Malden High School AP Literature

Ryan Gallagher

15 February 2011


1. The Beginning

Kristina Katz


        Although born in Hartford, Connecticut, Jill McDonough spent most of her early life in North Carolina. The 1970’s in North Carolina, for McDonough, consisted of “watching a lot of T.V., reading a lot of books,” and spending all of the time she had in between to “write in her journals.” She joked that “nobody understood her genius and she felt what other people could not” (McDonough, “Questions For Interview.” par. 12).

        While in North Carolina, McDonough attended “a little grade school in Alexander, North Carolina, and then middle, junior, and high school a few towns over in Asheville.” She “immediately realized she was sick of living in North Carolina” (par. 11) and transferred from UNC Chapel Hill to Stanford University, where McDonough “received a Bachelor of Arts in English.”  Stanford was not enough for McDonough though; she wanted to learn more.

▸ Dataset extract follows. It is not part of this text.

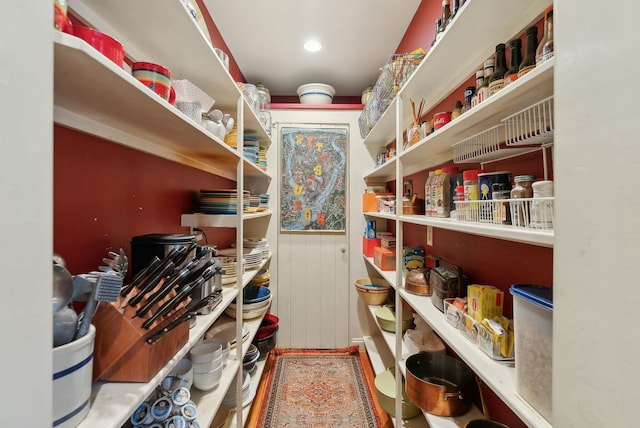 view of pantry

Once she graduated from Stanford, McDonough “went on to Boston University’s College of Arts and Sciences, where she acquired a Master’s degree in Creative Writing and Poetry” (“Jill McDonough: Long Biographical Note.” par. 2).

 

2. Creating A More United America


Kristina Katz


        Even earlier than many people realize, the battle for the rights of homosexuals began in the late 1700’s where “Thomas Jefferson proposed a law that would mandate castration for gay men and mutilation of nose cartilage for gay women” (Head, Par. 1).

        The idea of homosexuality was suppressed for years, until small groups of men and women stirred up the idea in the 1950’s. The 1950’s in America “was a decade of prosperity” for most, but “for lesbians and gay men it was both a time of great fear and immeasurable courage” (“Coming Out In America” par.1). The early 1950’s were especially unforgivable to homosexuals. At the end of World War II, the psychiatric community in America “labeled homosexuality a mental illness” (par. 5), which started a new branch of scientific research for doctors across the country. Luckily, in 1951, the first gay rights organization was founded. It began as a small group of “gay men and women who created the Mattachine Society and the Daughters of Bilitis who had to protect themselves by using code” (Head par. 4). But then, in 1953, “President Dwight Eisenhower signed an Executive Order mandating the dismissal of all federal employees determined to be homosexual” (“Coming Out In America” par. 3). It wasn’t until the late ‘50s that the idea of homosexuality became “tolerable.” It wasn’t that society understood it or even accepted it, but homosexuals began to gain the recognition they needed in order to obtain the rights that they deserved.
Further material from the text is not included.